Calastone & ASX: for their connection technologies. Calastone greatly improves the efficiency of the connection between platforms and fund managers. The ASX has potential to reshape the connection between investors and funds if we ever get AQUA II. Both extend the reach of funds and greatly reduce the cost and hassle of using them.

SelfWealth: for creating an online community for self-directed investors. It allows investors to compare portfolios, and is working on its own benchmarks and portfolios. SelfWealth has a subscription business model, but you could see it as a distribution channel too – perhaps something like the Motley Fool.

Montgomery Investments: for its use of media. Montgomery targets self-directed individuals with absolute return style products and a very personal, almost artisan-type experience. Not cheap either. What really marks out this business is how effectively it uses media, both traditional and new media, everything from a column in the Weekend Australian to the Eureka Report.

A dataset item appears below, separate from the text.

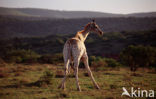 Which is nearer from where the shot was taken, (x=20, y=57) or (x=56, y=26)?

GDI: one of the few success stories in marketing to SMSFs. GDI raises capital for single property funds offering a good tax effective yields, and has completed 27 funds since 1993. Another very personal experience for the investors both in terms of the asset and the fund experience, which is about as far away as you can get from the impersonal and opaque experience of the typical managed fund. This approach has allowed them to build a network of over 1,000 HNW investors, almost a club.

What these initiatives have in common is that they steer clear of the middle ground. Some are big scale, low cost plays, others are artisan high cost plays; the Coles $1 and Sonoma loaves of the bread industry. Both approaches can work. What you don’t want to be is the middle ground Helga’s loaf of wealth management.